Edit: Thanks to everyone for your comments and answer. It seems that compactness is the correct way to follow. 
However, I still wondering that why the argument on sections doesn't work. In other words, is there an example of a non-proper algebraic variety whose structure sheaf only has constant global sections.
 A: Stephen Griffeth's argument works over any field. The total space of a vector bundle is never proper (follows by, e.g., valuative criterion for properness). On the other hand, $P^n$ is always proper.
Here is an argument that the total space of a vector bundle is not proper: A fiber of a vector bundle is isomorphic to $A^n$ . Moreover, the fiber considered as a subscheme is a closed subscheme. You can map $(A^1 \setminus 0)$ into the fiber by a map like $f(x)=1/x$. This map can't extend over zero, because if it did, then zero would be sent to something in the closure of the fiber. But the fiber is already closed, so zero would be sent to the fiber, contradiction.

Edit: Of course, amaanush's answer is a much better answer than mine!
A: That's right. I think the one sentence rephrasing of Kevin's argument would be proper morphisms are stable under pullback (this is obvious by the very definition of properness which is stated through the pullbacks).

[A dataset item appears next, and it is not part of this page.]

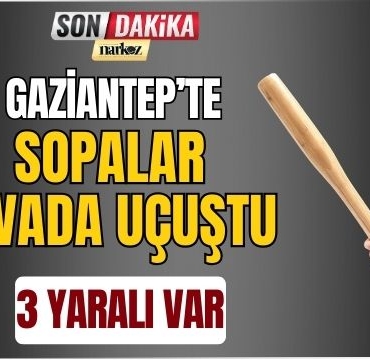 Gaziantep' te Sopalar Havada Uçuştu 3 Yaralı Var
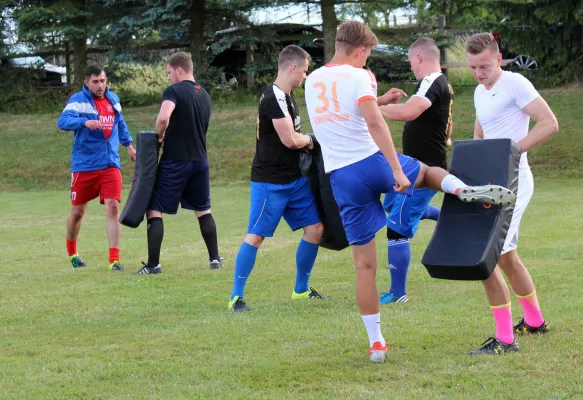 Trainingssession mit John Kallenbach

Of course a variety is proper if and only if the structure map to the point scheme (spec k) is proper. Thus a closed fibre of a locally trivial fibre-bundle, with total-space proper, is proper (complete)-- which cannot be the case for a vector bundle.
On the other hand that does not apply to $\mathbb{A}^n \hookrightarrow \mathbb{P}^n$, as the pullback will just give $\mathbb{A}^n \stackrel{id}{\longrightarrow} \mathbb{A}^n$ is proper, which is fine :).
A: Heh, actually it is a rank zero vector bundle over itself.  Don't forget this possibility, folks!
A: In answer to your last question, on why the "sections" argument does not work: Let $X = \mathbb{P}^n_k$, and let $E$ be the line bundle over $X$ with sheaf of sections given by $\mathcal{O}(-1)$.  Then the global sections of $E$ are given by
$$\Gamma(E, \mathcal{O}_E) \cong \Gamma(X, Sym(\mathcal{O}(-1)))
\cong \bigoplus_{n=0}^{\infty} \Gamma(X, \mathcal{O}(-n))
\cong k.$$
Thus, the global sections of $E$ are all constant.  However, as the arguments given in the other answers show, $E \to \text{Spec} k$ is not proper.